Термин «масс-медиа» представляется более точным, а потому более функциональным для данного исследования. Согласно этимологии, масс-медиа – некий медиатор, среднее звено. Что же это среднее звено соединяет?

Предположим, что есть пункт А и пункт В, которые не способны контактировать напрямую. Следовательно, возникает потребность в неком посреднике, который способен наладить коммуникацию между этими пунктами. В данном случае речь не идет ни о какой информации, скорее мы будем говорить о процессе соединения разнородного, о создании смысловой целостности.

Если за пункт А мы примем апатичную и бесцельную массу, а за пункт В активные, но вечно рассеивающиеся властные структуры, то роль медиатора, создающего эффект целостности, оказывается весьма серьезной.

Связь масс-медиа и власти стала столь очевидной в частности по причине того, что сами масс-медиа трубят во все стороны о своей властности. Они занимают одно из важных мест в списке политических и экономических институтов, которые являются своего рода «машинами власти»: университет, армия, письмо, масс-медиа[2]  – Фуко ставит их в один ряд. Впрочем, сегодня можно отметить, что первые три института «затягиваются», «вбираются» в масс-медиа, создавая новую дисциплину – дисциплину зрелища-потребления.

Что же такое масс-медиа по сути? Являются ли они носителем, либо механизмом власти? Ответы на эти вопросы можно найти в работе Ж. Бодрийяра «Реквием по масс-медиа». В этой работе Бодрийяр ставит под сомнение фунцкионирование масс-медиа в качестве проводника информации: «Характерной чертой масс-медиа является то, что они предстают в качестве антипроводника, что они нетранзитивны, что они антикоммуникативны – если мы примем определение коммуникации как обмена, как пространства взаимосвязи слова и ответа, а следовательно, и ответственности, – что они вовсе не обладают психологической и моральной ответственностью, но выступают в качестве личностной корреляции одной и другой стороны в процессе обмена. Иными словами, если мы определяем коммуникацию как нечто иное, нежели просто передача/прием информации, то последняя подвержена обратимости в форме feed-back. Таким образом, вся современная архитектура масс-медиа основывается на этом нашем последнем определении: они являют собой то, что навсегда запрещает ответ, что делает невозможным процесс обмена (разве только в формах симуляции ответа, которые сами оказываются интегрированными в процесс передачи информации, что, однако, ничего не меняет в однонаправленности коммуникации). Именно в этом – их подлинная абстракция. И именно на этой абстракции основывается система социального контроля и власти»[3]
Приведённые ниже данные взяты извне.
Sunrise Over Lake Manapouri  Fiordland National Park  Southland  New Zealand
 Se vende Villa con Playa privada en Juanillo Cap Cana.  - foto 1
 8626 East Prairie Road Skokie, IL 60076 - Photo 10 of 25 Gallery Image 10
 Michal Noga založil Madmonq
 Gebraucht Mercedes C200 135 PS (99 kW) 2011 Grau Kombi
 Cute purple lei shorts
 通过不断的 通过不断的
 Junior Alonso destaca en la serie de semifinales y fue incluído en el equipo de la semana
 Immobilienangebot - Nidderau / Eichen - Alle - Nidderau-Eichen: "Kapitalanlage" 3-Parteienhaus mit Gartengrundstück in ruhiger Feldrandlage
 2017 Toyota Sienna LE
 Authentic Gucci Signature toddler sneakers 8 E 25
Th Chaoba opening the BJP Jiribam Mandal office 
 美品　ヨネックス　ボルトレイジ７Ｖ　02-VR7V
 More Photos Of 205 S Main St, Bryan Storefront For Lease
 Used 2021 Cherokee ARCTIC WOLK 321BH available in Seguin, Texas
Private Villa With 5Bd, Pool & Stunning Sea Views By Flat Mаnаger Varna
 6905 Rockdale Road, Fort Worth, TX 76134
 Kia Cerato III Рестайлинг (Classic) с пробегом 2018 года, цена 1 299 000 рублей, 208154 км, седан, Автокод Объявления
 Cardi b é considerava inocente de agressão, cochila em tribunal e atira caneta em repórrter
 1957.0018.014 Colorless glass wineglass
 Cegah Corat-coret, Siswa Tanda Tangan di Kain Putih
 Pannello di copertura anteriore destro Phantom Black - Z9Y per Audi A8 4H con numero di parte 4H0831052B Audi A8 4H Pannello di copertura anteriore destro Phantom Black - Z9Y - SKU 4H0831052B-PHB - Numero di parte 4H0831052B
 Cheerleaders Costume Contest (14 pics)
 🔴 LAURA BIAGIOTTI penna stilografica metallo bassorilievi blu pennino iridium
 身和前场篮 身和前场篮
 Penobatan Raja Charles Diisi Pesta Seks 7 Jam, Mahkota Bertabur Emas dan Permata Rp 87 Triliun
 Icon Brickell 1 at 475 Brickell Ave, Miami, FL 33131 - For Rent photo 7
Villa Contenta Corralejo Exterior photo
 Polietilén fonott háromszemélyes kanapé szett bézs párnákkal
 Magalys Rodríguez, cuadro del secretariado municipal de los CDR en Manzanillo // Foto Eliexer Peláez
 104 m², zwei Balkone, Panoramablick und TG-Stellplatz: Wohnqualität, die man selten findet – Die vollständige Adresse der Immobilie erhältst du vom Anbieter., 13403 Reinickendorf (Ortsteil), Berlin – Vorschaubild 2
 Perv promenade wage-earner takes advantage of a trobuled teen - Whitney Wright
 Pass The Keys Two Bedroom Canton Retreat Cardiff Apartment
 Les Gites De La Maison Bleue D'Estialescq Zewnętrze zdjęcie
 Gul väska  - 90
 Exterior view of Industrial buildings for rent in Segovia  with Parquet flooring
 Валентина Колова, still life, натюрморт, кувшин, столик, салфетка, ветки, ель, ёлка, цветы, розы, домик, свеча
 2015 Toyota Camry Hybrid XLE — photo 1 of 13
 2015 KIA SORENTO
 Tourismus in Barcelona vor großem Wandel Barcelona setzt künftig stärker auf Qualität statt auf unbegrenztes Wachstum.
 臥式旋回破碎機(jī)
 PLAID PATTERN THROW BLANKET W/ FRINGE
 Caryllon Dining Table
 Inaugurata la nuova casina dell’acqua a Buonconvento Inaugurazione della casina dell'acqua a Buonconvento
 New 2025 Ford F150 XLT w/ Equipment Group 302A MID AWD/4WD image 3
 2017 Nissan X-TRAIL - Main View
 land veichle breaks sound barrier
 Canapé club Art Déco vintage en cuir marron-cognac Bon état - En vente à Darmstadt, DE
Таким образом, мы можем заметить, что инвестиции власти в массу производятся посредством масс-медиа. И в этом смысле масс-медиа действительно осуществляют коммуникацию, но коммуникацию однонаправленную. Но как инвестируется масса? Ведь не существует массы как постоянного количественного образования, как некоей социальной общности. Существует лишь ситуативное качество – человек массы, которое может трансформироваться в количественное образование при условии наличия сильной объединяющей эмоции. Следовательно, интересующие нас инвестиции имеют одну очень важную характеристику: они производятся на микроуровне массового сознания, осуществляя точечный характер власти.

XX век – это время, когда инвестиции власти в тело становятся максимальными: «Владение своим телом, осознание своего тела могло быть достигнуто лишь вследствие инвестирования в тело власти: гимнастика, упражнения, развитие мускулатуры, нагота, восторги перед прекрасным телом… – все это выстраивается в цепочку, ведущую к желанию обретения собственного тела посредством упорной, настойчивой, кропотливой работы, которую власть осуществляет над телом детей, солдат, над телом, обладающим хорошим здоровьем»[4]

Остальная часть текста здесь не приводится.